● **What is required**:
The answer must be an exact copy of the entries that follow, with all images removed.

● **Extracted information**:
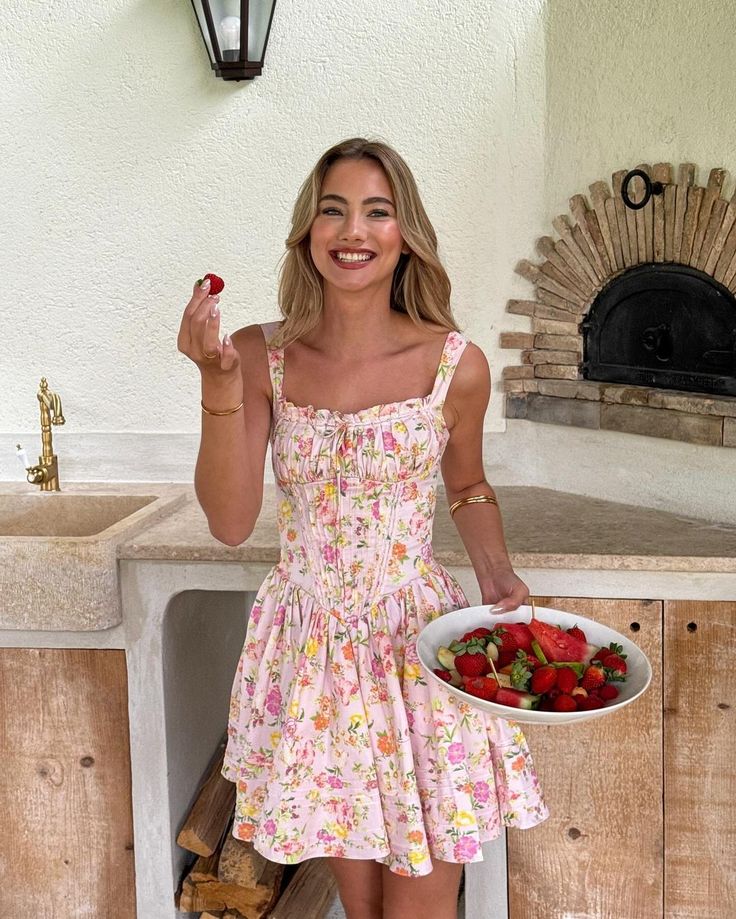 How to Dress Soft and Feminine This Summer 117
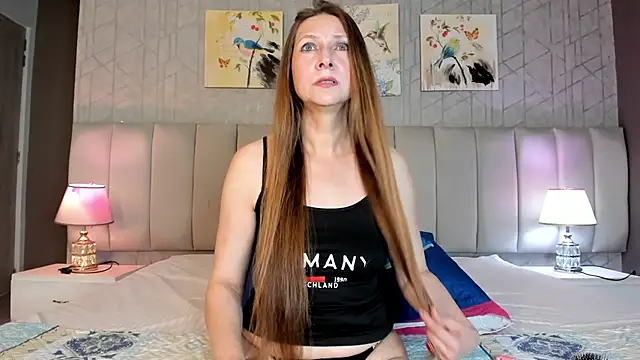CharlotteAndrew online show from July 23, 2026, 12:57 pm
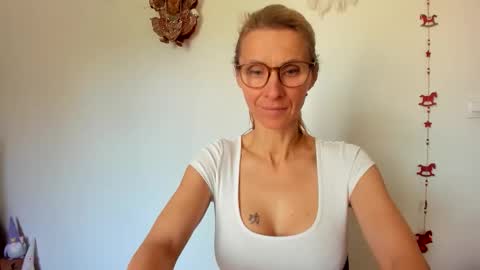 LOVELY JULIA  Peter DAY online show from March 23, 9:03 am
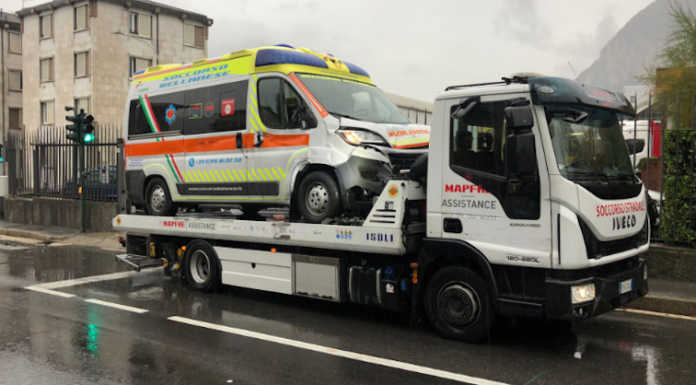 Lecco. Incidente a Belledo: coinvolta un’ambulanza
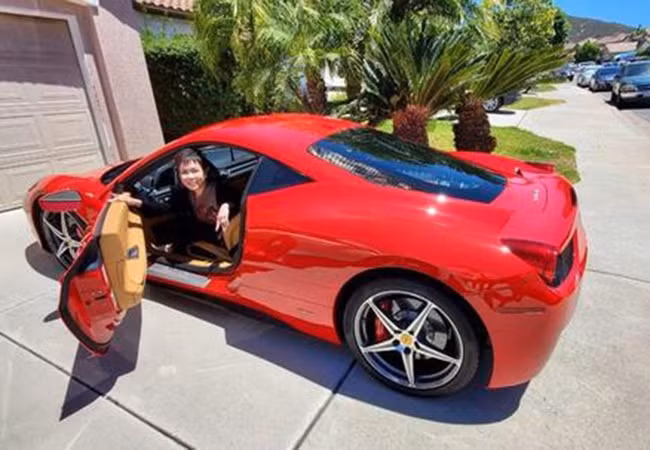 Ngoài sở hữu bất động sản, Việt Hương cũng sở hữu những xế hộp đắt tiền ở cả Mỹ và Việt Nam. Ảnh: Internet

● **Solution for this problem**:
 How to Dress Soft and Feminine This Summer 117
CharlotteAndrew online show from July 23, 2026, 12:57 pm
 LOVELY JULIA  Peter DAY online show from March 23, 9:03 am
 Lecco. Incidente a Belledo: coinvolta un’ambulanza
 Ngoài sở hữu bất động sản, Việt Hương cũng sở hữu những xế hộp đắt tiền ở cả Mỹ và Việt Nam. Ảnh: Internet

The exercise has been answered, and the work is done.